╭─ EXERCISE MATERIALS

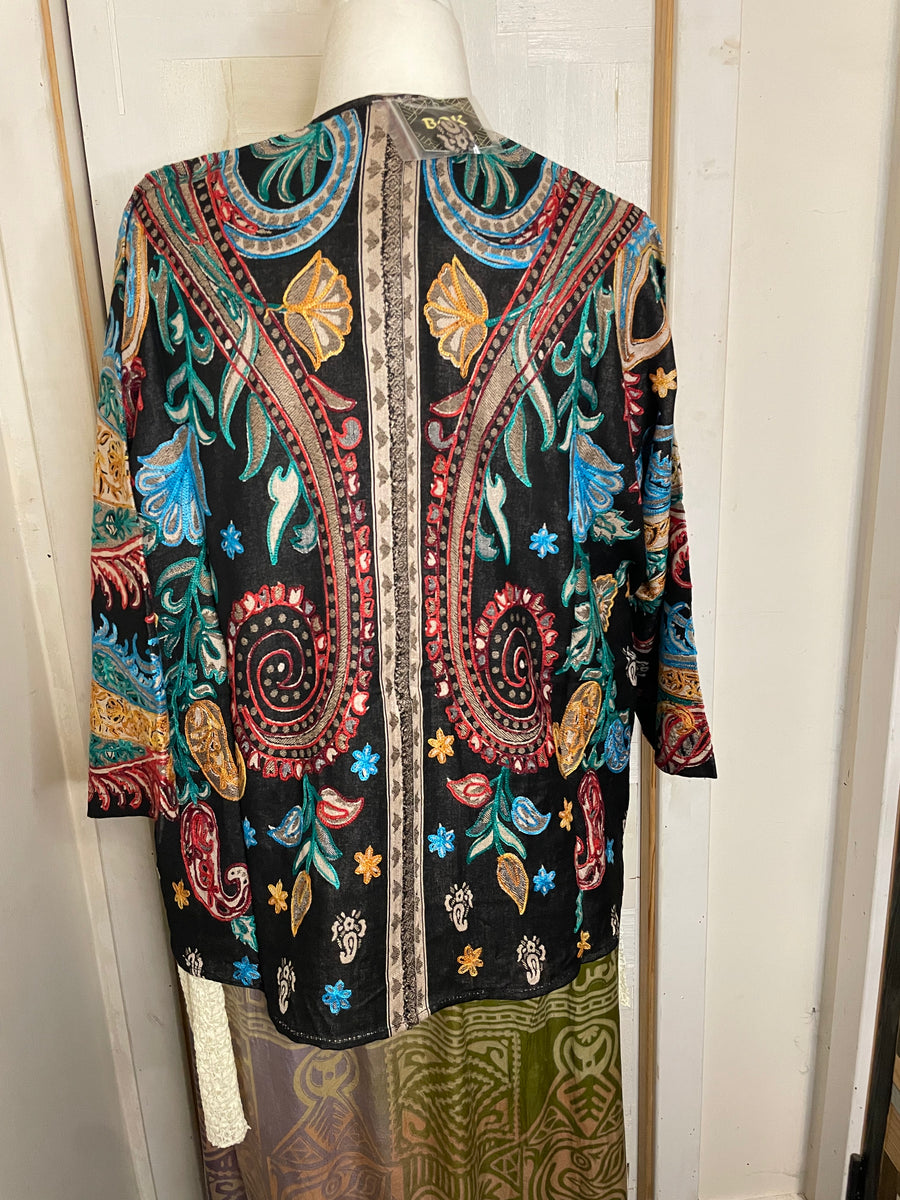 Embroidered Tapestry Fringe Short Jacket
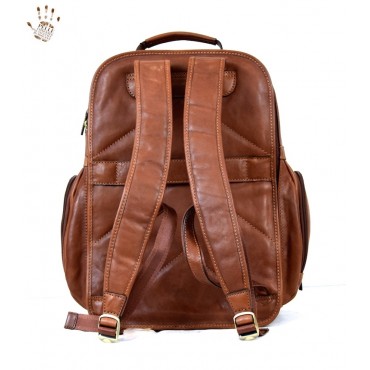 A very large and well equipped travel leather backpack "Santacroce"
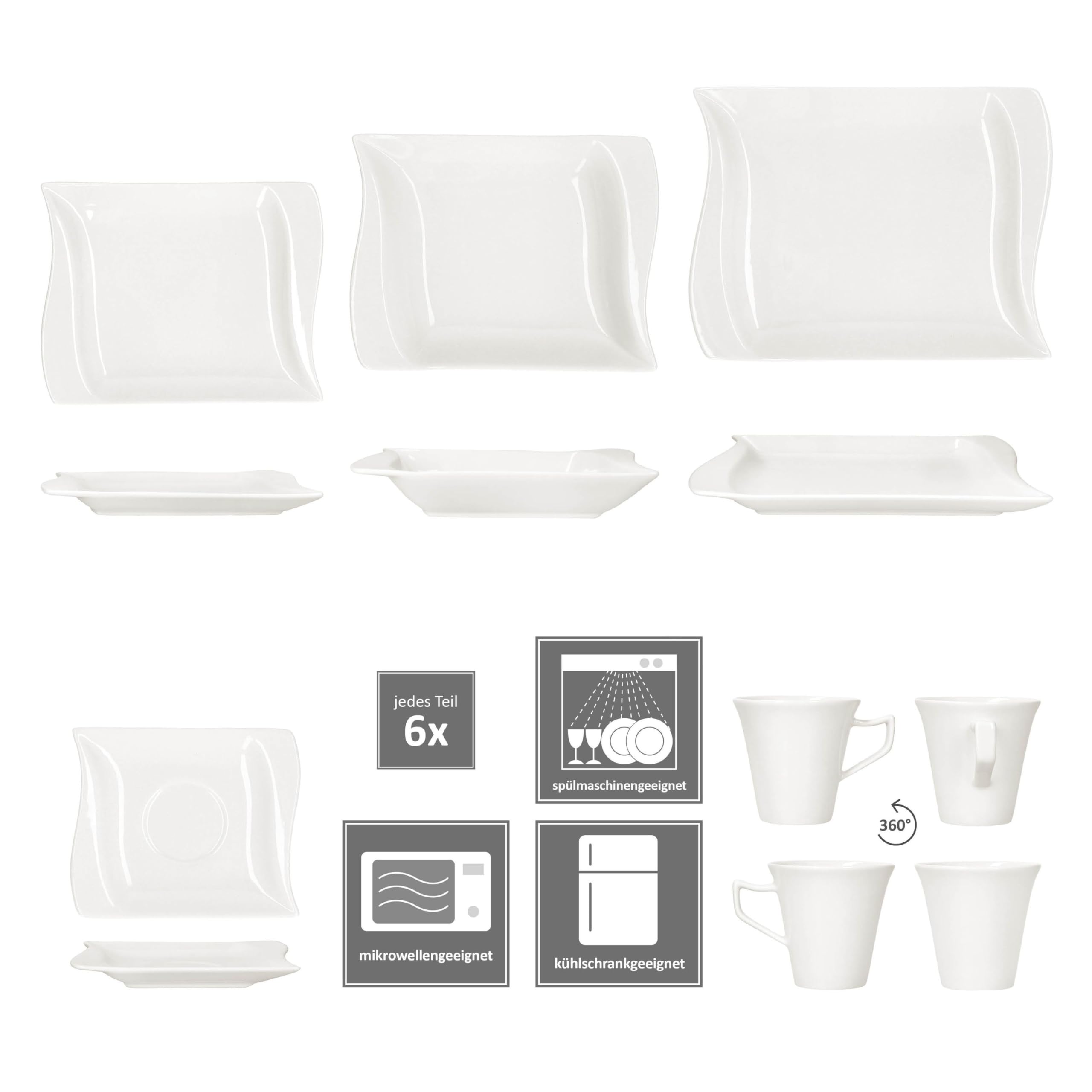 MamboCat Ivory Servierplatten 2er Set – Porzellan, 36 X 28,5 Cm, Elfenbeinweiß, Geschwungener Rand, Spülmaschinengeeignet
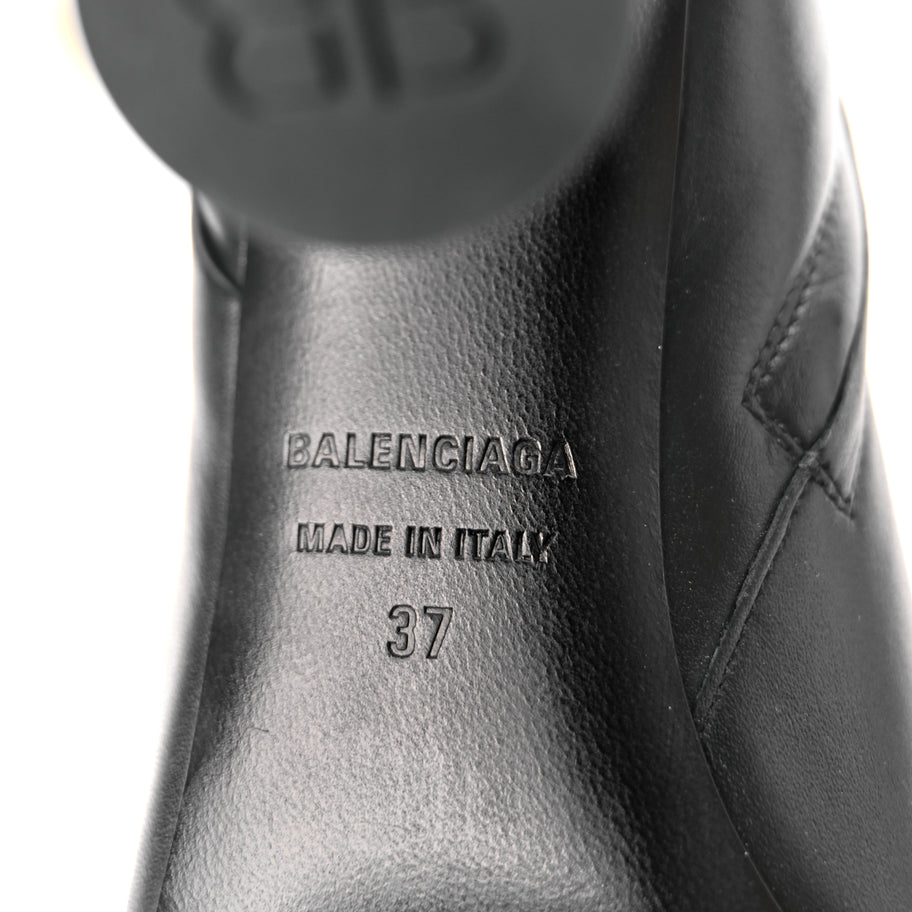 Balenciaga Soft Leather Lady Pedestal 90mm Booties 37 Black Image 7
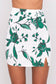 Green Sweetheart Neckline Ruched Blouse & Single Slit Skirt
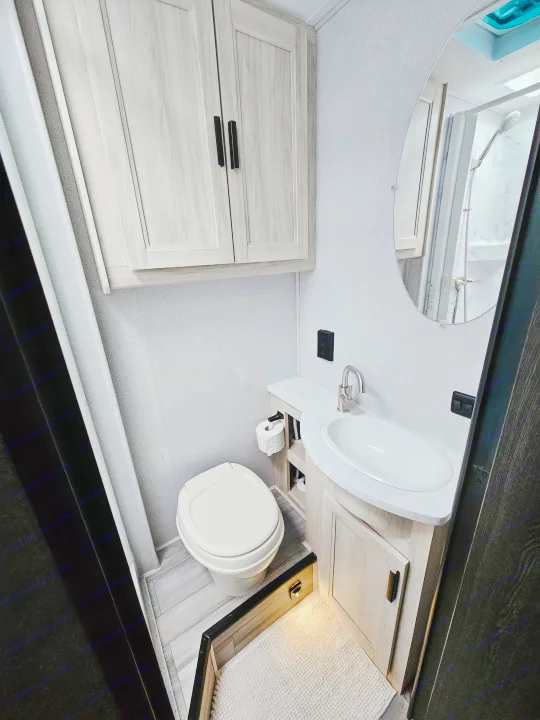 Clean and bright RV rental bathroom featuring a toilet, sink, overhead cabinets, and a shower (reflected).. Forester 2651 CDW 2022
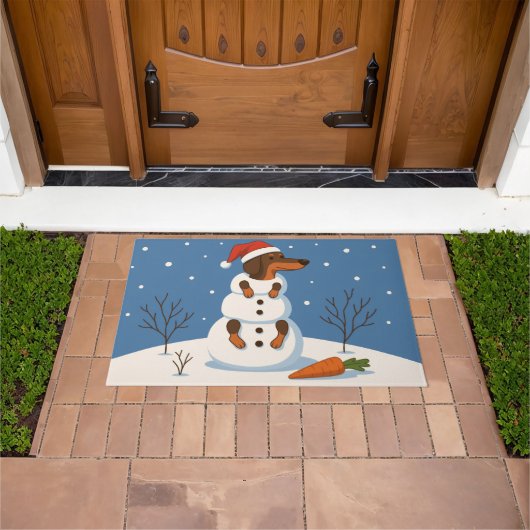 Dachshund Snowman Christmas Doormat ドアマット (室外)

╰─

Look above for the line containing "MamboCat Ivory Servierplatten", then retype it and each line after it to the end of the records, exactly and without pictures.

RESPONSE TO THIS EXERCISE.
 MamboCat Ivory Servierplatten 2er Set – Porzellan, 36 X 28,5 Cm, Elfenbeinweiß, Geschwungener Rand, Spülmaschinengeeignet
 Balenciaga Soft Leather Lady Pedestal 90mm Booties 37 Black Image 7
 Green Sweetheart Neckline Ruched Blouse & Single Slit Skirt
 Clean and bright RV rental bathroom featuring a toilet, sink, overhead cabinets, and a shower (reflected).. Forester 2651 CDW 2022
 Dachshund Snowman Christmas Doormat ドアマット (室外)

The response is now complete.